L’UE et le Mercosur tournent le dos au protectionnisme commercial
Malgré un contexte mondial marqué par la hausse du protectionnisme, l’UE et plusieurs pays latino-américains optent pour une autre stratégie : le libre-échange ! Après quelque 20 années de négociations, un accord commercial a été conclu la semaine dernière entre l’UE et le Mercosur – le bloc commercial qui comprend le Brésil, l’Argentine, le Paraguay et l’Uruguay.
L’accord prévoit la libéralisation de plus de 90 % du commerce de marchandises entre les blocs commerciaux sur une période de transition de 10 ans. Les principaux avantages pour les entreprises européennes se situent dans les secteurs automobile, de la construction mécanique, chimique et pharmaceutique, qui étaient jusqu’alors confrontés à des tarifs à l’importation élevés dans les pays du Mercosur. Pour les vêtements et les chaussures, l’interdiction d’importation a même été levée. La Commission européenne a calculé que l’économie sur les tarifs douaniers des entreprises européennes s’élèverait à quelque 4 milliards d’euros, soit quatre fois plus que l’économie estimée dans le cadre du récent accord commercial avec le Japon.
Réciproquement, les pays du Mercosur recevront un accès préférentiel au marché européen pour le bœuf, l’éthanol et le sucre. Les deux parties se sont également engagées à simplifier leurs procédures douanières et à collaborer plus étroitement dans le domaine des prescriptions et des normes techniques.
L’importance des échanges commerciaux avec les pays du Mercosur pour l’UE est relativement limitée. En 2018, la part d’importation et d’exportation avec la région s’élevait respectivement à 2,2 % et 2,3 % du total des importations et des exportations européennes. L’UE exporte principalement des machines et des accessoires, des produits chimiques et des moyens de transport au Mercosur. Dans le sens inverse, les flux commerciaux se composent surtout de produits agricoles. L’accord commercial pourra donc entraîner une augmentation des échanges commerciaux, mais n’aura probablement pas pour conséquence un regain spectaculaire de la croissance du PIB européen.

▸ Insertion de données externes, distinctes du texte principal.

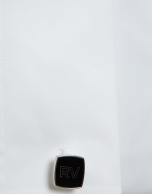 White slim dress shirt with twin cuffs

Cependant, il y a d’autres avantages. L’UE sera le premier grand partenaire commercial à conclure un accord commercial avec le bloc du Mercosur. Vu les importantes restrictions à l’importation que la région applique vis-à-vis d’autres pays, le Mercosur donnera par conséquent un relativement meilleur accès à son marché aux entreprises de l’UE. Dès lors, les entreprises européennes auront l’avantage du précurseur. En outre, les entreprises avec une filiale dans la région du Mercosur pourront plus facilement importer des pièces et d’autres intrants, ce qui améliorera leur compétitivité.
Les bénéfices de l’accord commercial ne sont donc pas négligeables. Toutefois, son approbation ou sa ratification ne sera pas une sinécure. Peu après la nouvelle, un torrent de critiques s’est ensuivi de la part de différents acteurs européens (des associations agricoles, des producteurs d’éthanol…). Et bien que la Commission européenne ait déjà annoncé des soutiens pour les agriculteurs touchés, des associations d’intérêts du secteur compliqueront sans aucun doute la ratification de l’accord au niveau des parlements nationaux. De plus, l’accord suscite la controverse du point de vue environnemental. L’on craint en effet que l’intensification de l’élevage de bétail dans les pays latino-américains n’augmente le déboisement de la forêt amazonienne. Il sera donc essentiel de trouver un bon équilibre entre les gagnants et les perdants.